The nationwide movement achieved its goals as the results of the original run-off got annulled. A revote was then ordered for 26 December 2004 by the country’s Supreme Court. The second run-off went through intense domestic and international scrutiny and was declared “free and fair.”
The final results clearly showed a victory for Yushchenko, receiving about 52% of the people’s votes than his opponent, who had 44%. Yushchenko was then declared as the official winner and was inaugurated on 23 January 2005 in Kyiv. After his inauguration, the Orange Revolution ended.
That was the summary of the whole Orange Revolution, but there’s actually more to it than just the people protesting for a corrupt election. Below is a more in-depth analysis of how the nationwide revolution came to be.

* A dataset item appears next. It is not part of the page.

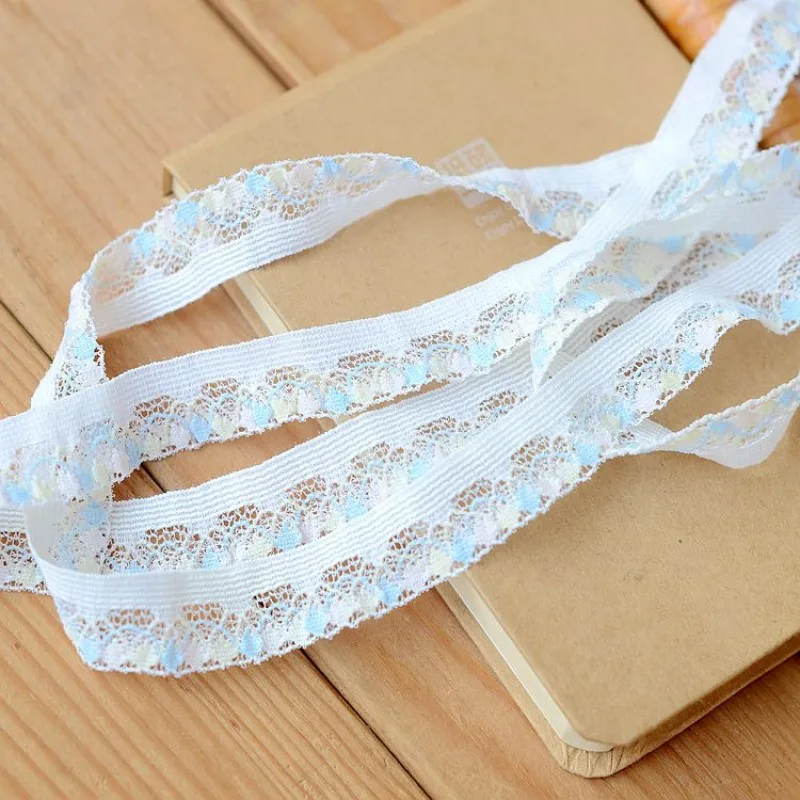 

M Eva garment accessories Rice white with pink yellow blue three color stretch a black fungus group lace H1503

The Origin of the Orange Revolution: The Gongadze Assassination/ the Kuchmagate Crisis
In 2000, a Ukrainian journalist named Georgiy Gongadze, also the founder of Internet newspaper Ukrayinska Pravda (well known for publishing the country’s politicians’ unethical conduct and corruption), was kidnapped and murdered. Rumors suggested that the current Ukrainian President Kuchma ordered his murder, although no one accused him of personally doing it.
The journalist’s murder started a movement against President Kuchma in 2000, which was perceived to encourage the 2004 Orange Revolution. After finishing two terms of the presidency from 1994 to 2005, Kuchma, with his image forever ruined by the Cassette Scandal of 2000, decided not to run for another term in the 2004 presidential elections. Instead, he opted to support Prime Minister Viktor Yanukovych in his race in opposition to Viktor Yushchenko of the Our Ukraine–People’s Self-Defense Bloc.
What were the leading causes of the Orange Revolution?
During the 2004 presidential election, the Ukrainians became impatient while waiting for the country’s economic and political transformation. At that time, for an outburst from the public, the country’s state was considered an “ideal condition.” The electoral results were seen as fraudulent and considered as the nail in the coffin for the following events.
Factors enabling the Orange Revolution
Before the Orange Revolution, the Ukrainian regime that held the reigns paved the way for the emergence of a democratic society. The society is considered as a “hybrid regime” having been based on a “competitive authoritarian regime.” This allows for the market economy and democracy to come to fruition. The election fraud emphasized the citizens’ desire for a more pluralistic type of Ukrainian government.
After the Cassette Scandal, the public’s craving for creating a social reform movement was sparked. It undermined the Ukrainian citizens’ respect for Kuchma as a president, as well as their general respect for the elite ruling class. Due to his scandalous behavior, Kuchma lost a lot of his supporters in high-ranked government positions. A multitude of the government officials who were, at first, on his side went on to show full support to the opposition side’s election campaign as well as his ideas in general.
With the crystal clear lack of faith in the government ingrained in the minds of the Ukrainian population, the role of Yushchenko in the revolution became even more important. The presidential candidate was a charismatic one and didn’t show any signs of being a corrupt politician. He was on the same page as the people who support him. Like his constituents, Yuschenko presented his ideas in a “non-Soviet” way.
The Ukrainian youth voters had important roles in the 2004 Presidential outcome. The new age of voters had totally different views on the main figures in Ukraine. These younger people were actually exposed to Kuchmagate and a lot of his negativity which is why they had some distorted visions of Kuchma and his capability of leading their country.
The massive presence of the youth who participated in the protests showed an increase in the development of the sense of nationalism in Ukraine. What happened during the Orange Revolution had created a huge enough impact that even made people of all ages interested.